UC Berkeley

Biological production of chemicals and fuels using microbial transformation of sustainable carbon sources, such as pretreated and saccharified plant biomass, is a multi-step process. Typically, each segment of the workflow is optimized separately, often generating conditions that may not be suitable for integration or consolidation with the upstream or downstream steps. While significant effort has gone into developing solutions to incompatibilities at discrete steps, very few studies report the consolidation of the multi-step workflow into a single pot reactor system. Here we demonstrate a one-pot biofuel production process that uses the ionic liquid 1-ethyl-3-methylimidazolium acetate ([C2C1Im][OAc]) for pretreatment of switchgrass biomass. [C2C1Im][OAc] is highly effective in deconstructing lignocellulose, but nonetheless leaves behind residual reagents that are toxic to standard saccharification enzymes and the microbial production host. We report the discovery of an [C2C1Im]-tolerant E. coli strain, where [C2C1Im] tolerance is bestowed by a P7Q mutation in the transcriptional regulator encoded by rcdA. We establish that the causal impact of this mutation is the derepression of a hitherto uncharacterized major facilitator family transporter, YbjJ. To develop the strain for a one-pot process we engineered this [C2C1Im]-tolerant strain to express a recently reported d-limonene production pathway.

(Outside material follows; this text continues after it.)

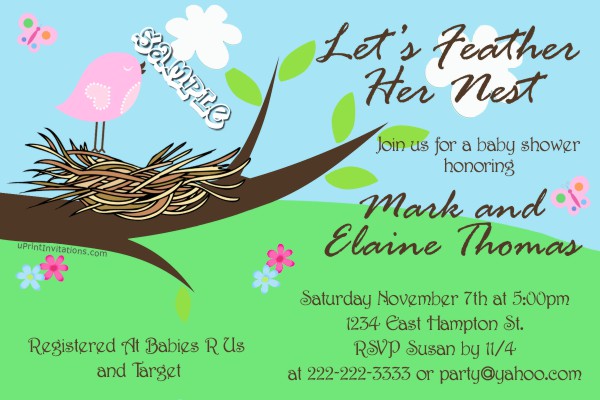 Feather Her Nest Baby Shower Invitations  Feather Her Nest Baby Shower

We also screened previously reported [C2C1Im]-tolerant cellulases to select one that would function with the range of E. coli cultivation conditions and expressed it in the [C2C1Im]-tolerant E. coli strain so as to secrete this [C2C1Im]-tolerant cellulase. The final strain digests pretreated biomass, and uses the liberated sugars to produce the bio-jet fuel candidate precursor d-limonene in a one-pot process.